Welcome to another Energy Source.
In our first note today, Myles picks up a survey from management consultancy Bain, which finds that executives are gloomier about the pace of the energy transition.
Our second is on efforts to decarbonise Canada’s oil sands, which BP has finally exited.
In Data Drill, Amanda notes a study that shows the CO₂ emissions from LNG shipping could be lower than thought, and easily reduced further still — significant news for a fossil fuel in growing demand due to the war in Ukraine.
Thanks for reading.
Derek
PS Join hydrogen CEOs, policymakers and investors on June 16 at the FT Hydrogen Summit in London and online to discuss the opportunities and challenges in harnessing the full power of hydrogen.
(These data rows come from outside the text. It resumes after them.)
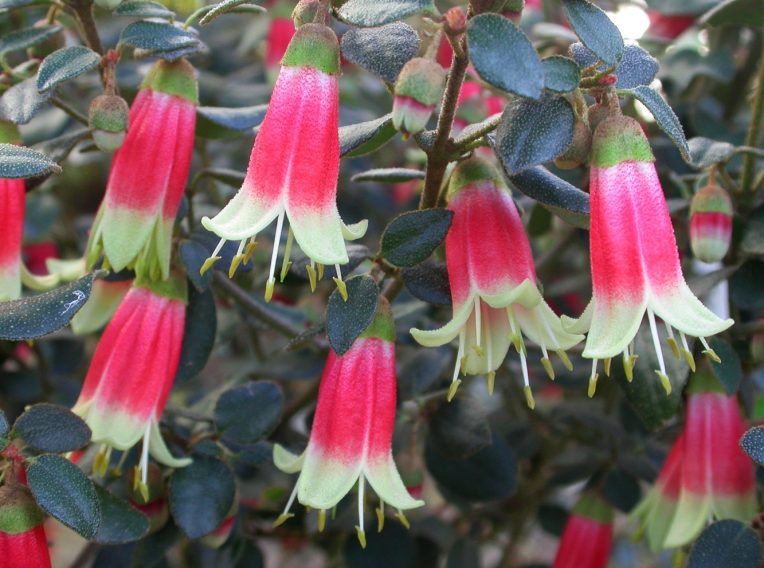 correa canberra bells native fuchsia 2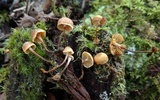 Xeromphalina cauticinalis image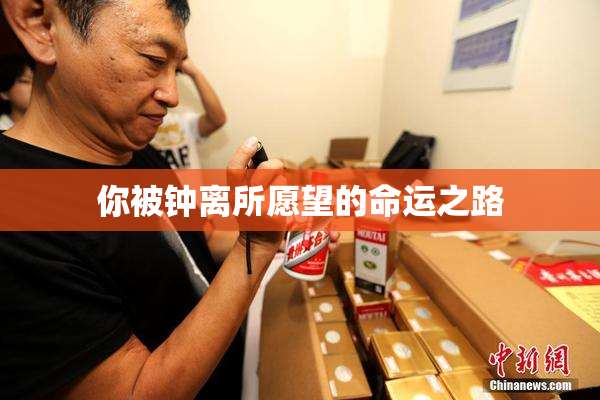 你被钟离所愿望的命运之路
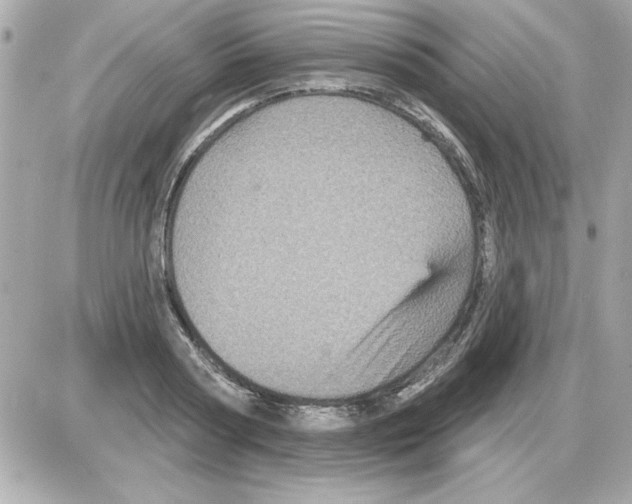 X0000085260794200704092113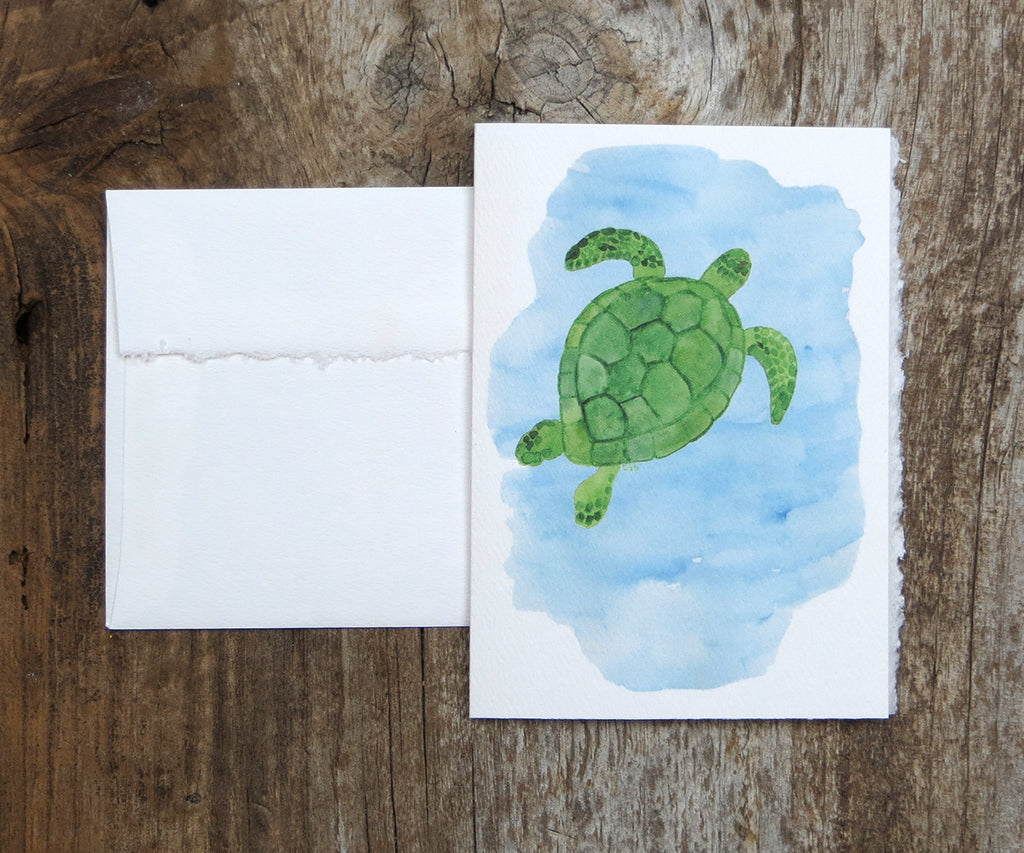sea turtles note cards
Register here.
It may still be decades yet until we hit net zero
The world will be a very different place in 2050: China and India will probably have knocked the US economy into third place in the global rankings. New Zealand says it will have killed off all its rats.
What will not have happened, according to a poll of energy executives released today, is the world reaching net zero emissions.
In survey of over 1,000 senior industry players, carried out by consultancy Bain, executives believe that on average it will be 2057 before the world hits net zero. One in four say that target won’t be hit until after 2070.
The UN’s Intergovernmental Panel on Climate Change has called for emissions to be cut to net zero by mid-century if the world is to keep global warming in check. Getting anywhere close would require a root and branch overhaul of the way energy is produced across the world. The International Energy Agency says it would require an immediate cessation of new oil and gas development.
So the fact that the movers and shakers in the sector don’t anticipate it happening on schedule is perhaps no surprise.
But the executives surveyed by Bain say missing the target will not be for want of trying on their own part, but because of other industry players’ failure to pull their weight.
“They are very optimistic about their own actions, what their companies are doing, but less sure about the rest of the industry — their peers — and less sure about the support of the government,” Joe Scalise, Bain’s global head of energy and natural resources, told ES.
This is actually good news. That companies are upbeat about their own capacity to decarbonise suggests that those at the coalface believe there is a viable route forward in their own areas. Sixty-one per cent expect their own companies to decarbonise faster than the wider world.
Companies are increasing the amount of cash they are ploughing into the transition too. About 23 per cent of capital is being allocated to new growth areas (which includes low carbon businesses such as carbon capture, renewables and hydrogen), up from 16 per cent two years ago.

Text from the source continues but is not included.